Los Angeles luxury agent Aaron Kirman has chosen to accept this mission: He must sell a $13.9 million “sandwich box” beach house that has been on the market for 1,000 days with zero offers. Its owner got the house as part of her divorce settlement and she is motivated to sell, but has cycled through three listings brokers before settling on Kirman. If he succeeds, the commission is a cool $347,500.

That’s the setup for the first episode of CNBC’s new real estate-focused reality show, “Listing Impossible,” which premiers Wednesday.

It follows Compass star broker Kirman as he tries to sell luxury homes in the L.A. area that have languished on the market. The show is timely, with some of the West Coast’s most expensive homes sitting for months, and as spec developers scramble to find buyers amid the softening market.

The show was actually first announced a year ago — it was supposed to air in May 2019 — as part of a package of real estate-focused programming that would occupy CNBC’s Thursday night lineup.
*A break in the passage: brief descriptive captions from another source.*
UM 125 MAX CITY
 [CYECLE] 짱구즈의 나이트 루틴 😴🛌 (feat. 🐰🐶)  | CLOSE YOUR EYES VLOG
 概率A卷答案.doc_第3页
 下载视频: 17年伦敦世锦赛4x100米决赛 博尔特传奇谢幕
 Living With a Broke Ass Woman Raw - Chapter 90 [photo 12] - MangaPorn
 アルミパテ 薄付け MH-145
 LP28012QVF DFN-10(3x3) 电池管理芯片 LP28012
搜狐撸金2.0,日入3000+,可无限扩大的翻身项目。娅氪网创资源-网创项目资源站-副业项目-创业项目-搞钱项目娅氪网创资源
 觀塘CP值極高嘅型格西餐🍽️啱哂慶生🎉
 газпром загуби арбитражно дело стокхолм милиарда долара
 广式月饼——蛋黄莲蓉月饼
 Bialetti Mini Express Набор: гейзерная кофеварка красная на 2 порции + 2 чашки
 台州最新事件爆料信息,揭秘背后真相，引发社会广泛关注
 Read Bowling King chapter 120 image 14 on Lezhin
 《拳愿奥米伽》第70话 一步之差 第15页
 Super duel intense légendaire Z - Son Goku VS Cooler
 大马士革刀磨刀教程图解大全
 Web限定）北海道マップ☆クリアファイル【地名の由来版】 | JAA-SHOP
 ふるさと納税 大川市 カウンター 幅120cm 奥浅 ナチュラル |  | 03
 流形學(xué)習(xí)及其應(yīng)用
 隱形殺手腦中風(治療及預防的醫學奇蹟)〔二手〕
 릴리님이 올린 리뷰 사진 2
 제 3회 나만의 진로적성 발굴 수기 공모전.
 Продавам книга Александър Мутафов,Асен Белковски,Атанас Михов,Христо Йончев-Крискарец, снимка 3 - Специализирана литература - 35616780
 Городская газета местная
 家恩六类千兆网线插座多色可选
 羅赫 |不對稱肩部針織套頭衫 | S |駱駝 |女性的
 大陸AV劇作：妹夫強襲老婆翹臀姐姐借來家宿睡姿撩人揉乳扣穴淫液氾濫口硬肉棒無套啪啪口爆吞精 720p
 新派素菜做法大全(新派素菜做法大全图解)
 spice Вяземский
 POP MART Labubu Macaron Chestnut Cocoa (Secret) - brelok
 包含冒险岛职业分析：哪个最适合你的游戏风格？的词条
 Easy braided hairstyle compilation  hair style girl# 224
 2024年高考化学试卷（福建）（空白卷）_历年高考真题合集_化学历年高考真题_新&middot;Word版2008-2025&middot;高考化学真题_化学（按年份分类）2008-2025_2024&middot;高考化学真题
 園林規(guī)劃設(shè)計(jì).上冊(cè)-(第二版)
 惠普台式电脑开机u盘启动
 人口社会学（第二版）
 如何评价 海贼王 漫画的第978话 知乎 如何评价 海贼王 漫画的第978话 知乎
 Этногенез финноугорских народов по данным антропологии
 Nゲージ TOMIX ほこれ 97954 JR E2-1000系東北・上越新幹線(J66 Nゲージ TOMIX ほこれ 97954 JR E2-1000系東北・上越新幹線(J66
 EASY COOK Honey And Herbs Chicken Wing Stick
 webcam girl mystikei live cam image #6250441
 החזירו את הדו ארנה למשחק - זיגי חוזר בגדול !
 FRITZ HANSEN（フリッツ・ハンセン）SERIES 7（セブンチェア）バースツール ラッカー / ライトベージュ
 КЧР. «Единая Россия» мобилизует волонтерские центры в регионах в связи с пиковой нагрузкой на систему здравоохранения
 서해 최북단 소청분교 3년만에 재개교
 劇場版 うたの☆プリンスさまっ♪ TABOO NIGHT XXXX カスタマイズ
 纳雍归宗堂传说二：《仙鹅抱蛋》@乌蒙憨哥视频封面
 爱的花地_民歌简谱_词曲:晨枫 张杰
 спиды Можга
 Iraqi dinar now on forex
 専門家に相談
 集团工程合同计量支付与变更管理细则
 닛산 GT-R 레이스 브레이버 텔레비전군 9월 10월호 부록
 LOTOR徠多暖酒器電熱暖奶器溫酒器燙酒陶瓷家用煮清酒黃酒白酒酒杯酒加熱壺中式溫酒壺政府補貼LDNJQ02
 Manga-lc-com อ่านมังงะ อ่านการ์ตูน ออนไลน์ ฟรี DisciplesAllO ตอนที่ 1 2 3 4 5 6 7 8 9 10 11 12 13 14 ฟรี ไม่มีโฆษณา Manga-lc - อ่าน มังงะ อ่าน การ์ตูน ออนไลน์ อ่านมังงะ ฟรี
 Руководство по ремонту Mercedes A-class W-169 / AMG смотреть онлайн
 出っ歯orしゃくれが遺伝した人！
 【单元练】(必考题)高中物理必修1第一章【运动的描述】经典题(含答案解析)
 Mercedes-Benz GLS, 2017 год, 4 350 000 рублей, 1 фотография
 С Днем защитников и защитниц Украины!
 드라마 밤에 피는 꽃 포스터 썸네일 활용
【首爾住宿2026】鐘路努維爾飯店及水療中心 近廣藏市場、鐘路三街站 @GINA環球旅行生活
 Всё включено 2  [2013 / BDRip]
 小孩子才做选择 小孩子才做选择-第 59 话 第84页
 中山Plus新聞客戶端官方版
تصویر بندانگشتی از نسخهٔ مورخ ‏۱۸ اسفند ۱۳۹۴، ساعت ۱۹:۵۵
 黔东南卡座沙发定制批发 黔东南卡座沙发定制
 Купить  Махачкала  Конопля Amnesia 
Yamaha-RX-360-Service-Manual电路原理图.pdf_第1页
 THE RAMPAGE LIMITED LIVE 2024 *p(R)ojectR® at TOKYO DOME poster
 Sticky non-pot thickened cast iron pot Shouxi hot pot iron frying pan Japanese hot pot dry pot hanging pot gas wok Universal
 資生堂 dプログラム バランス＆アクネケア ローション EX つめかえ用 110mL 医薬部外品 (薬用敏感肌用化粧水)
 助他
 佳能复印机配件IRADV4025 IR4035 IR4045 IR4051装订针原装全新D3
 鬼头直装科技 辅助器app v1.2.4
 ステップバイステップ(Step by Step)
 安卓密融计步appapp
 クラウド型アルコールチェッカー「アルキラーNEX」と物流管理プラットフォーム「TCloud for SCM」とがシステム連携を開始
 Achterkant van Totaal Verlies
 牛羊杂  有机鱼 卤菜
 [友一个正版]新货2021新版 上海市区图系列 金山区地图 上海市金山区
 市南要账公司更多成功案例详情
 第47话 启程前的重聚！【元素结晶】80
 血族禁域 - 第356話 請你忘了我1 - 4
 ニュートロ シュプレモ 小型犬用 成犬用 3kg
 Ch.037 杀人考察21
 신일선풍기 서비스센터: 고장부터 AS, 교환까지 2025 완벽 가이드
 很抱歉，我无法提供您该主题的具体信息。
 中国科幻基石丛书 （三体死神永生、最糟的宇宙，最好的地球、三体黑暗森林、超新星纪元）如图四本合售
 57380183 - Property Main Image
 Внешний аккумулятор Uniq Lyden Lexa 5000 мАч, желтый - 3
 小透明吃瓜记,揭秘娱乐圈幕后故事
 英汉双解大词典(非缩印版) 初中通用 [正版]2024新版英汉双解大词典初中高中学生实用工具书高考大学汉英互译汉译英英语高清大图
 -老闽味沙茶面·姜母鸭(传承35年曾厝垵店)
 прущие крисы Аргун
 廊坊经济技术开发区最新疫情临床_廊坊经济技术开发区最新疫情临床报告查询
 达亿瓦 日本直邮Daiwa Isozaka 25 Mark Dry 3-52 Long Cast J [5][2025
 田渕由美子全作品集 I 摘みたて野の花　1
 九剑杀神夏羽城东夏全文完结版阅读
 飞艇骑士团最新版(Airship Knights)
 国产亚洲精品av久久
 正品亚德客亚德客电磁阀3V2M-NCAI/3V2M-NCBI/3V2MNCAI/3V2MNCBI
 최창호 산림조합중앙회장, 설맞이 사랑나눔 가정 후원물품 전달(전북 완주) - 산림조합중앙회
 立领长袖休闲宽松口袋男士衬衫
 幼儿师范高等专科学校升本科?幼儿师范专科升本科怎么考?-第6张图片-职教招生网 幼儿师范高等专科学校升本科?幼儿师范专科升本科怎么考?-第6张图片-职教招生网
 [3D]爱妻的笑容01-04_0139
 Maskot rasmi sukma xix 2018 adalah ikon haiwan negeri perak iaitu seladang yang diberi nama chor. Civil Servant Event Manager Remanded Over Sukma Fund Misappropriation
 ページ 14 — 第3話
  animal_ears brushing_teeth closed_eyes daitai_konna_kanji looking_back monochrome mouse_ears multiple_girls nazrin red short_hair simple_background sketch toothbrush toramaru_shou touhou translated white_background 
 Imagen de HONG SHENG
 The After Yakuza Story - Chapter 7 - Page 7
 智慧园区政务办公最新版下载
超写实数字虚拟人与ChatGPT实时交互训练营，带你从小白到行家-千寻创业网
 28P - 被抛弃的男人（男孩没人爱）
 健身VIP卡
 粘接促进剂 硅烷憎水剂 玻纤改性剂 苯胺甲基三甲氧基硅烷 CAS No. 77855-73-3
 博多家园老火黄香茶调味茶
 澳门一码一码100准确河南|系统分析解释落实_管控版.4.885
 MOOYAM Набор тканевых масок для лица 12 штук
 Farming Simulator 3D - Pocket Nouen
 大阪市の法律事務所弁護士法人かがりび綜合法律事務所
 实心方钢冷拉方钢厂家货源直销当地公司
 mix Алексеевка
It follows in the footsteps of Bravo’s “Million Dollar Listing” shows that have propelled the careers of celebrity brokers like Ryan Serhant and Fredrik Eklund.

The First 7: The Cold Box on the Beach from CNBC.

In the seven-minute preview for the first episode of “Listing Impossible,” Kirman’s 60-plus-person team is pictured in their Beverly Hills office. The camera does quick cuts to one agent on her computer — dog in lap — then another deep in a forehead stress rub, and another bouncing on a mini trampoline, hands and head pointed to the ceiling. The luxury real estate world is no leisurely cruise along PCH, people.

After driving his Porsche convertible to the Dana Point beach house listing with agent Neyshia Go, Kirman sits down with the owner and doesn’t pull any punches. He calls her furniture “hideous,” and refers to one of the bedrooms as a “sex dungeon.”

“Everything is wrong with this room,” he tells her.

At one point, Kirman highlights how deck chairs are facing into the neighbor’s master bedroom and scolds his client: “You lost your $13 million moment on this.”

Kirman, one of the biggest brokers in L.A., placed fifth in The Real Deal’s 2019 ranking with more than $260 million sell-side deals. But he has also faced his share of troubled listings, including the infamous Mountain of Beverly Hills. That 157-acre parcel was asking $1 billion when Kirman first listed it in 2018. It finally sold in August in a foreclosure auction for $100,000.